Hamas menawarkan untuk menyerahkan kendali administratif atas Gaza kepada sebuah komite teknokrat sebagai langkah awal menuju penyerahan kekuasaan kepada Otoritas Palestina. Namun, tawaran ini ditolak oleh Israel.

AS pilih senjata ketimbang manusia

Dalam wawancara di program Masar al-Ahdath (Jalur Peristiwa), Warrick membela posisi Israel dan AS dengan menyatakan bahwa meskipun Hamas bersedia melepaskan kekuasaan, mereka tetap menolak melepaskan senjata.

Hal itu, menurutnya, bisa memungkinkan mereka kembali menguasai Gaza kapan saja setelah perang berakhir.

Pernyataan ini bertentangan langsung dengan keterangan Bahbah, yang justru menyebut penolakan Israel terhadap usulan penyerahan Gaza kepada Otoritas Palestina sebagai cerminan niat terselubung untuk mendorong eksodus massal warga sipil.

Pandangan ini sejalan dengan kekhawatiran yang sebelumnya disuarakan oleh banyak negara dan organisasi kemanusiaan internasional.

Di tengah situasi kemanusiaan yang oleh PBB dan lembaga-lembaga internasional digambarkan sebagai salah satu bencana terburuk dalam sejarah modern, Israel justru menghancurkan puluhan ribu ton bantuan kemanusiaan.

Laporan dari media penyiaran Israel menyebut bahwa pasukan militer negara itu memusnahkan makanan dan suplai bantuan lain yang seharusnya diperuntukkan bagi warga Gaza.

Alih-alih mengutuk tindakan tersebut, Presiden Trump justru mempertegas dukungannya terhadap langkah Israel dengan menyatakan bahwa operasi militer harus terus berlanjut hingga Hamas benar-benar dihancurkan.

Militer Israel menyalahkan lembaga-lembaga internasional atas kegagalan distribusi bantuan kemanusiaan, meskipun mereka sendirilah yang menggempur gudang, markas, dan bahkan membunuh staf PBB.

Israel kemudian mengumumkan bahwa bantuan akan dijatuhkan dari udara—kebijakan yang langsung dikritik keras.

Komisaris Jenderal UNRWA Philippe Lazzarini menyebut langkah itu sebagai “hanya debu di mata”.

Sedangkan Komite Penyelamatan Internasional (IRC) menggambarkannya sebagai “pengalihan brutal dari kenyataan bahwa Gaza butuh solusi nyata, bukan sandiwara udara.”

Warrick sendiri mengakui bahwa metode pengiriman lewat udara tidaklah efektif.
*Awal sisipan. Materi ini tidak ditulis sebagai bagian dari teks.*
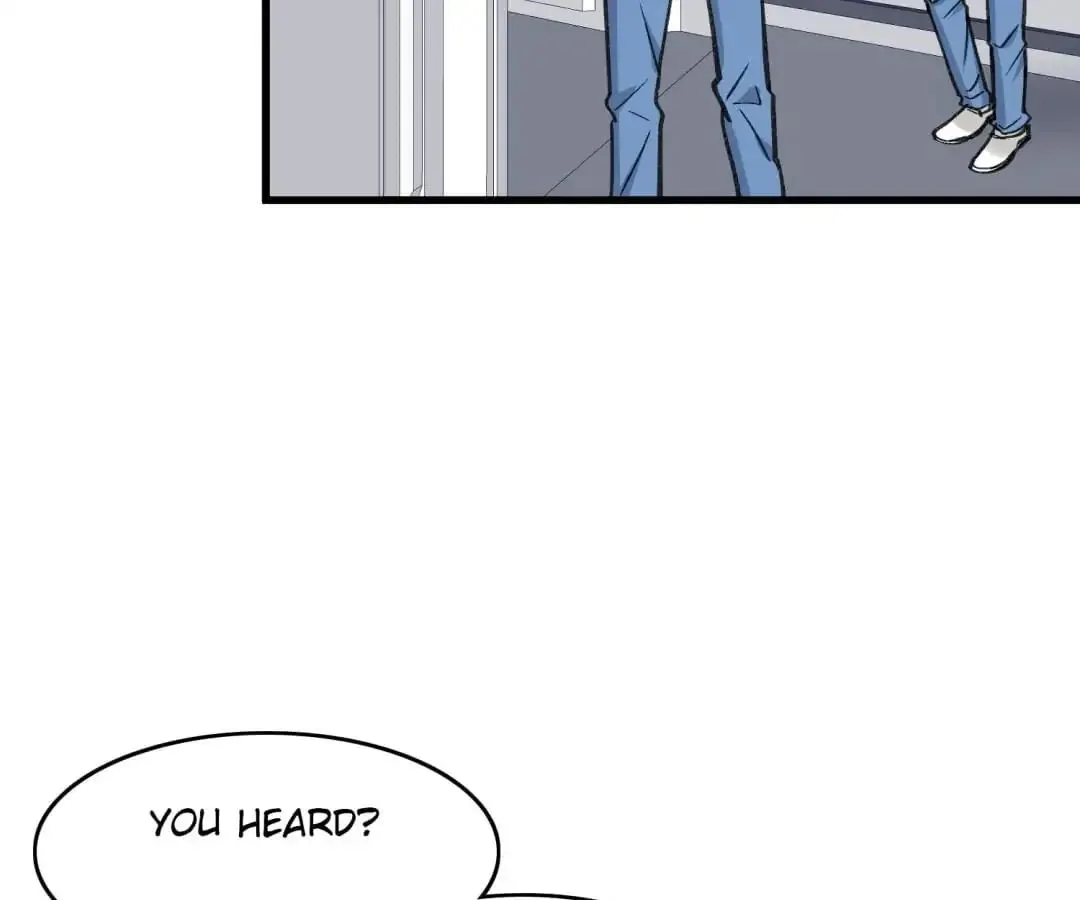 100-Day Dating Plan Chapter 18 page 52 -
Ia menyarankan pembukaan jalur darat sebagai solusi yang lebih logis, meskipun kembali menegaskan bahwa bantuan harus dipastikan tidak jatuh ke tangan Hamas.

Narasi AS dan Israel bahwa Hamas menyita bantuan juga mendapat bantahan dari pejabat militer Israel sendiri.

Dalam laporan The New York Times, beberapa pejabat Israel menyebut bahwa tidak ada bukti bahwa Hamas mencuri bantuan, dan justru menyayangkan hancurnya sistem distribusi PBB yang sebelumnya dinilai efektif dan terpercaya.

Menurut analis politik Palestina, Iyad al-Qarra, semua ini menunjukkan bahwa Israel tidak tertarik pada stabilitas atau penyelesaian.

“Bantuan yang masuk dalam jumlah kecil hanya diberikan kepada milisi-milisi lokal yang bekerja sama dengan pendudukan,” ujarnya.

Sementara itu, pakar urusan Israel, Ihab Jabareen, menilai bahwa diplomasi Israel telah kehilangan rasionalitas dan berubah menjadi populisme berbalut agama.

Ia menunjuk pada kecenderungan para pemimpin Israel, termasuk Netanyahu, yang kerap mengutip nubuat-nubuat dari Kitab Yesaya dan merujuk pada konsep “teologi militer” yang menyucikan perang, apa pun caranya.

Mitos keagamaan dan strategi genosida

Jabareen memperingatkan bahwa masalah utama bukan lagi sekadar bagaimana bantuan bisa masuk ke Gaza.

Tetapi bahwa perang ini sendiri telah diangkat menjadi semacam “epos Talmudik” yang membenarkan pembunuhan dan pengusiran.

Hal itu berdasarkan keyakinan bahwa tanah itu milik eksklusif “umat pilihan Tuhan,” dan bahwa semua orang di luar kelompok itu dianggap tidak layak hidup di tanah tersebut.

Ia mengingatkan bahwa jika AS gagal menyadari dimensi keagamaan yang mengakar dalam strategi militer Israel saat ini, maka dunia akan menyaksikan konsekuensi jangka panjang yang sangat berbahaya.

Menurut Jabareen, Israel saat ini sedang melepaskan diri dari narasi Holocaust, menggantikannya dengan tafsir keagamaan yang membenarkan kekerasan dan penindasan atas nama keyakinan.